TASK OBJECTIVE:
Could you print the stretch of lines below from the one with "Postcard Acheres Yvelines, Station Road" through the one with "Chic Weihnachten Gold", exactly as they stand and without any pictures?
[THE DATA Boundary: Start]
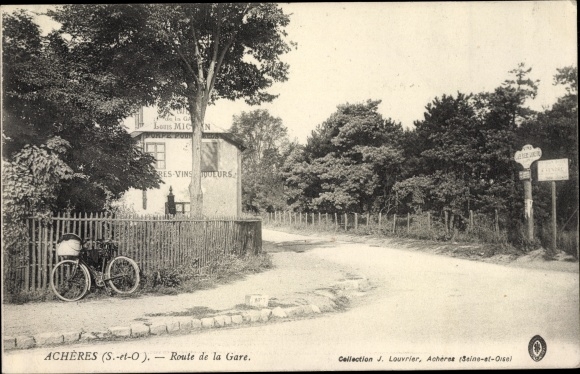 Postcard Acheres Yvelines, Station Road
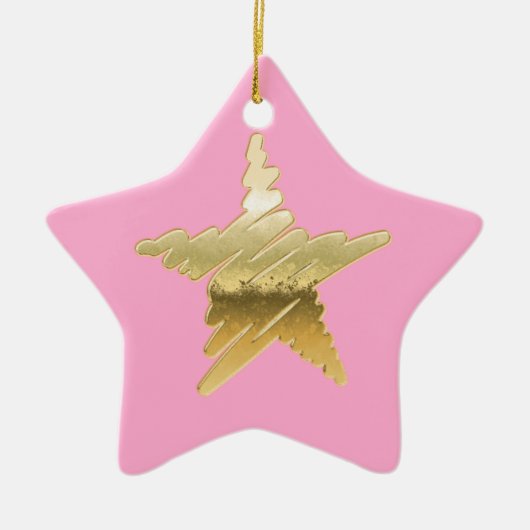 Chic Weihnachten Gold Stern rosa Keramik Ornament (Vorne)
[THE DATA Boundary: End]
[THE DATA Boundary: Start]
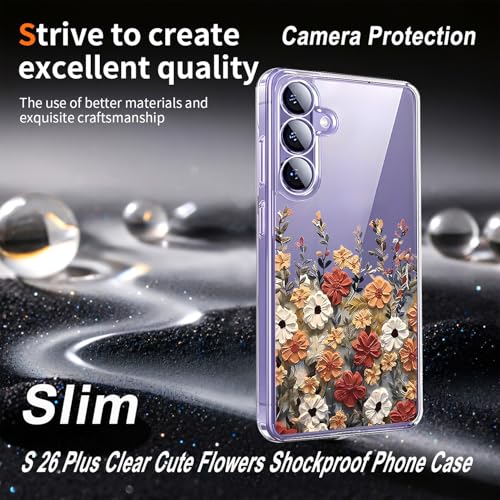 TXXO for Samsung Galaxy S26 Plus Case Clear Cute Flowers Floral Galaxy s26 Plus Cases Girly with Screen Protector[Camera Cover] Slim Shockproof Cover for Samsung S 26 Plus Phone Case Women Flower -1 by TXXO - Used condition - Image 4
[THE DATA Boundary: End]
[THE DATA Boundary: Start]
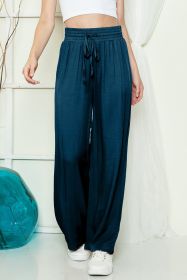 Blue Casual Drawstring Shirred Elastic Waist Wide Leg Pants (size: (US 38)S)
[THE DATA Boundary: End]
SOLUTION TO THE PROBLEM:
 Postcard Acheres Yvelines, Station Road
 Chic Weihnachten Gold Stern rosa Keramik Ornament (Vorne)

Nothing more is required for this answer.